I spend a lot of time talking to fund managers about the way they engage with the companies in which they invest. They all tell me the same thing: corporate engagement is very important. Vital, even.
They can only make long term investments on our behalf if they know and trust the management and if they have faith in the management’s corporate governance. So they spend a lot of time meeting, talking, engaging…
I like to think that this is more true now than it was, say, ten years ago and that we are at the beginning of a period in which we can rely on the biggest of the fund management groups to act more as the long-term company owners they are, rather than just as stockmarket profiteers. So I was disappointed to read a letter to the FT from Duncan Reed of Condign Board Consulting this week.
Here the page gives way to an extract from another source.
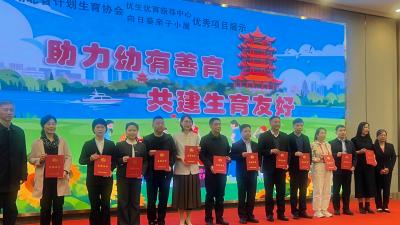 汉川市计生协获三项省级荣誉 优生优育工作成效显著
In it, he claims that “one of the most common complaints from boards and their directors is that invitations to meet or at least speak to shareholders commonly go ignored or at the very best there is a tiny take-up rate. The overtures of chairmen and senior independent directors are spurned, let alone those of rank and file non-executive directors.”
When crisis hits, big shareholders trip over themselves to make contact (usually about remuneration or M&A) but “for real stewardship to be exercised, these shareholders should ideally be investing their time, as well as their money”, not just when warning lights are flashing, but “over the long term”.
Reed is of course entirely right – and of course it is that long-term stewardship that is part of what we think we are paying for when we stump up the fees for active fund management.
Fund managers, it really is time to raise your game.